*** Opening of Provided data ***
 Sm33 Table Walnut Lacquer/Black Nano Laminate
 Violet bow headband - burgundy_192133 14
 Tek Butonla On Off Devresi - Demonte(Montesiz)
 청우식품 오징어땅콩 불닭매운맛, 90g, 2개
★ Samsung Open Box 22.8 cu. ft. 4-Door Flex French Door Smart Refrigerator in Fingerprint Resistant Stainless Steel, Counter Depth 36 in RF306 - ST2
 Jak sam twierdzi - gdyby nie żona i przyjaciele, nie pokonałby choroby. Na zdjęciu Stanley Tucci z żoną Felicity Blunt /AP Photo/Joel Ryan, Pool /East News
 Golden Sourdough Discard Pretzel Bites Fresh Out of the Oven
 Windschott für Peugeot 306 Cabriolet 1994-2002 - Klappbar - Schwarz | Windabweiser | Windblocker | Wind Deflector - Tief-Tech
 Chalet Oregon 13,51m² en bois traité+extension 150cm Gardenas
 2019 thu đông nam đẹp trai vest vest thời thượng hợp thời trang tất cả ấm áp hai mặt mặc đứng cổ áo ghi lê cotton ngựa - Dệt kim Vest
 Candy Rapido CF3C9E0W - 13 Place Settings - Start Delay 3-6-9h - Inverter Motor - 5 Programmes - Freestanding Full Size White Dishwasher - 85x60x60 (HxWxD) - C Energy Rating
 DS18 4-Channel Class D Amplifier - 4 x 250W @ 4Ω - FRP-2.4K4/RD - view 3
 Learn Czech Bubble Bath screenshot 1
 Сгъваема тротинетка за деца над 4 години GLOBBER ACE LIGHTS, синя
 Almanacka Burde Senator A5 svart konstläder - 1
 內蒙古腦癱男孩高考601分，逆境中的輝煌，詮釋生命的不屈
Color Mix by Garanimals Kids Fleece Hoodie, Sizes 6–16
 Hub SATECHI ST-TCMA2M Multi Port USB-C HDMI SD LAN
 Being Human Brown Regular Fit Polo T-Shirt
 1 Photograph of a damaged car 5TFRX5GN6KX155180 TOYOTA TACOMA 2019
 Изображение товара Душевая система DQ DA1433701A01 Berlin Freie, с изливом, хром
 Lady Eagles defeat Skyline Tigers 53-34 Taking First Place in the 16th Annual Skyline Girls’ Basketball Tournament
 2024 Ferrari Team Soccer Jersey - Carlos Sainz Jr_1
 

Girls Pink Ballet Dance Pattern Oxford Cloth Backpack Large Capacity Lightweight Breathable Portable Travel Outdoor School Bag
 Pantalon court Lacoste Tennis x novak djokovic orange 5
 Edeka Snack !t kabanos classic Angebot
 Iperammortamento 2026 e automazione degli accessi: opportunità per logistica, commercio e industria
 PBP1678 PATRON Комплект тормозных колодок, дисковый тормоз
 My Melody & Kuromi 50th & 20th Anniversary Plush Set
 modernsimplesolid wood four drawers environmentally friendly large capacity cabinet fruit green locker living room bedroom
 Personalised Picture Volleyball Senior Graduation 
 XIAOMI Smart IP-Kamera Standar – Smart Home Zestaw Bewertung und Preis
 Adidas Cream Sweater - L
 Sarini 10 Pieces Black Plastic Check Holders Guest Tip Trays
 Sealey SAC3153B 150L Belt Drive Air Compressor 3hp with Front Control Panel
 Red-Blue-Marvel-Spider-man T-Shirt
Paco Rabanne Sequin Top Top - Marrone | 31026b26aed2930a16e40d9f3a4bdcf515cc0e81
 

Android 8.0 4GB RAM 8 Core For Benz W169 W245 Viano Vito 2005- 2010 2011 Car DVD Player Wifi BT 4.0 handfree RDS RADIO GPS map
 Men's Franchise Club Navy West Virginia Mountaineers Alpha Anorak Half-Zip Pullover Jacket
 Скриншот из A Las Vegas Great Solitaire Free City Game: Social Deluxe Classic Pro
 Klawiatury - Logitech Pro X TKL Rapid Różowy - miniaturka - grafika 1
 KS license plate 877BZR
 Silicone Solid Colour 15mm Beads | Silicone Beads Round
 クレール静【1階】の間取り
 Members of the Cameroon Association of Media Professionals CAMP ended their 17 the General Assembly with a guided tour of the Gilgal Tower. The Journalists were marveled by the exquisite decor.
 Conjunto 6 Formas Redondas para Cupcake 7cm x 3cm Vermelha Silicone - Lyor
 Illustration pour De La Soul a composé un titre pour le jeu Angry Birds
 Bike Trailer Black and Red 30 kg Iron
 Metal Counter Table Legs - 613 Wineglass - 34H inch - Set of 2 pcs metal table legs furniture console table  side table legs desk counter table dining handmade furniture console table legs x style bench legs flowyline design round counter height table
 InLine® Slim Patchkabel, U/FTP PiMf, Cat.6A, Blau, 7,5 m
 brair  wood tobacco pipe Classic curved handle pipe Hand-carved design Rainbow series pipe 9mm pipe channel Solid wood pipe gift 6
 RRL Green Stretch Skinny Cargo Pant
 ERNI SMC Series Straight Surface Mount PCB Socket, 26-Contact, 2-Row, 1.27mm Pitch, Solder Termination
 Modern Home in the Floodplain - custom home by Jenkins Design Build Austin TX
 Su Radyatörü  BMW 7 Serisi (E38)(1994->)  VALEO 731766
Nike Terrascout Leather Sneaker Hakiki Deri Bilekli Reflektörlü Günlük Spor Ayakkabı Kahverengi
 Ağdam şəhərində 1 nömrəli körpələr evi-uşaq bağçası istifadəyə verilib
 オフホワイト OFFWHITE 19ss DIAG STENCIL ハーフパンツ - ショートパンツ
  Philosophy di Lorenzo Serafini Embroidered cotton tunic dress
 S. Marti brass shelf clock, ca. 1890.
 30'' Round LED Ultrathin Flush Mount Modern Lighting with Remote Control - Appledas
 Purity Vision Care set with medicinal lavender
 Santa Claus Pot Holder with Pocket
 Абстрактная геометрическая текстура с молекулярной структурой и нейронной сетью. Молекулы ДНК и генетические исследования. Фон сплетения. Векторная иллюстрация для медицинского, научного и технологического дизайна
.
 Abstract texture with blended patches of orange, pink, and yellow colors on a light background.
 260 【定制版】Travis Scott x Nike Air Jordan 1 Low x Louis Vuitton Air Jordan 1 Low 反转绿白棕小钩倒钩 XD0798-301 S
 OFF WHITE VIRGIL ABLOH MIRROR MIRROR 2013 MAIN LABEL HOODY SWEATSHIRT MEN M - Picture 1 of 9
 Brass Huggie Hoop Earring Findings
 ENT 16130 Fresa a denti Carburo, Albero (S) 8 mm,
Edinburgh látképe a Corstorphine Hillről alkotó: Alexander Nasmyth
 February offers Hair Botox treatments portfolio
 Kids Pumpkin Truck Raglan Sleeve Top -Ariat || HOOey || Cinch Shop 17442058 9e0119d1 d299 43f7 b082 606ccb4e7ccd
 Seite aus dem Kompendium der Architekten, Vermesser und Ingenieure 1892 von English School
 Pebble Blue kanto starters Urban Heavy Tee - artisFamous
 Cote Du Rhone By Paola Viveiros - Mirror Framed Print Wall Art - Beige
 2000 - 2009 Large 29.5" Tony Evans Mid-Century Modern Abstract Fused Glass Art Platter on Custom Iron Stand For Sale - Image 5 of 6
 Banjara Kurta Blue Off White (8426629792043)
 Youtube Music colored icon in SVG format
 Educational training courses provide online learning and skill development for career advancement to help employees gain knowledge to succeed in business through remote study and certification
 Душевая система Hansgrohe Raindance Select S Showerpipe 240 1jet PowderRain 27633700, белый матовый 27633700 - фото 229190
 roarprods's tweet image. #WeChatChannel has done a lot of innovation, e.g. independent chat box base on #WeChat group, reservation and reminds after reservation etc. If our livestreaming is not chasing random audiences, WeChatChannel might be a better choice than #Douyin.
*** Close of Provided data ***
**Work order:** Which lines of the data include the word "Душевая"? Copy each one.

**Task response:**
 Изображение товара Душевая система DQ DA1433701A01 Berlin Freie, с изливом, хром
 Душевая система Hansgrohe Raindance Select S Showerpipe 240 1jet PowderRain 27633700, белый матовый 27633700 - фото 229190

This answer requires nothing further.